To Mazzotti's charge that Irwin uses magic tricks to shoot his footage, Irwin replied, "There's no mystery to what I do. I was born in the bush. I've been catching crocodiles since I was a small boy. My training has enabled me to work with potentially dangerous animals so closely it looks unbelievable. It must be very frustrating for my critics to see me at one with crocodiles, knowing they have neither the ability nor the knowledge to work so tightly and efficiently with these remarkable saurians."

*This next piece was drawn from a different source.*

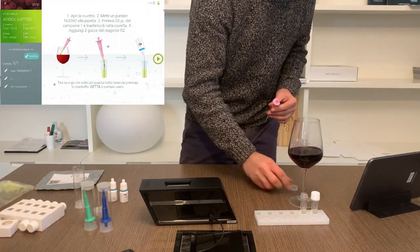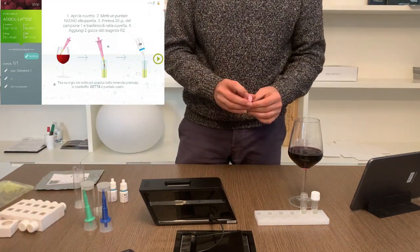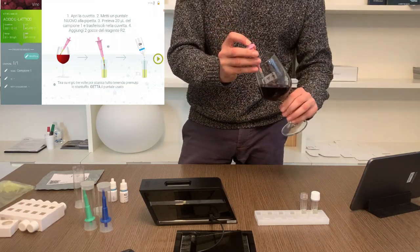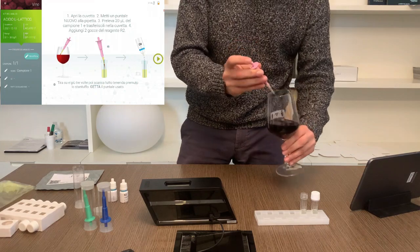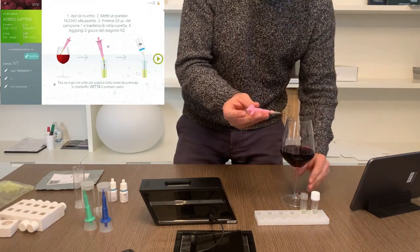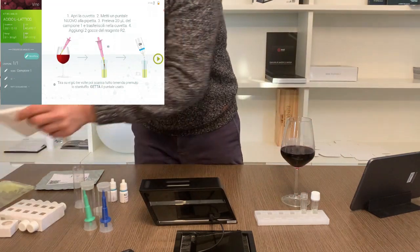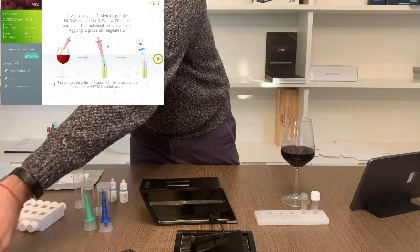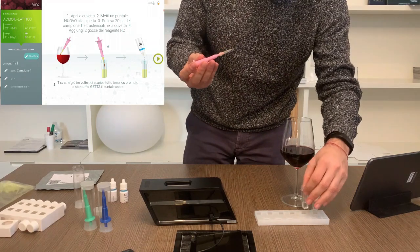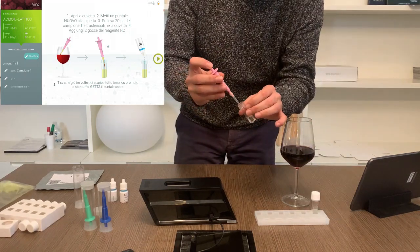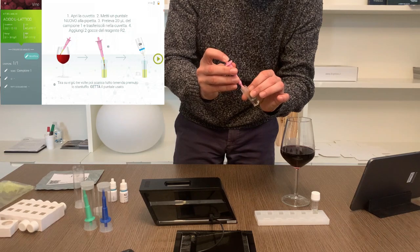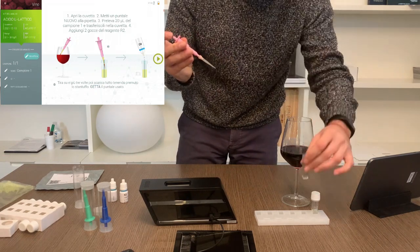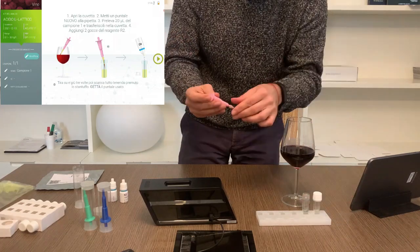Take your sample, press the plunger, dip the tip at least halfway into the sample and release gently. With a clean cloth or piece of paper wipe the outside of the tip to remove excess drops. Dip the tip into the reagent in the vial and press the plunger at least three times to mix the sample with the reagent. You can then throw away the yellow tip and continue.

Irwin might not like people venturing behind his curtain, but he does emphatically seem to enjoy being on stage. On the day we caravaned to Rosevale, we stopped for fill-in wildlife shots at the Lone Pine Koala Sanctuary, southwest of Brisbane. While we were there, a little boy approached Irwin, tapped him on the leg, and asked, "Are you the man on Crocodile Hunter?"
Irwin became instantly animated. Out of the many dozens of people at the park, this little boy was the only one who apparently recognized him. "That's right, mate!" Irwin replied, as if speaking to a crowd. "I'm The Crocodile Hunter!"
"Is that how you hurt your arm?" the boy asked.
"Yep, that's how I hurt me arm! Jumping out of boats onto crocodiles!"
Crocodiles? I thought it was a turtle.
But Irwin was already attracting a crowd with his story. "I jumped out of a boat onto a big croc," he said, "and the croc, he broke all the bones in me arm!"
Bones? Hadn't Stainton said tendons?
It didn't seem to matter much. The Crocodile Hunter was building an audience, and now he repeated himself to inform his new listeners. "Yeah," he said, his voice booming now, "I jumped a big croc — it's what I do, mate!"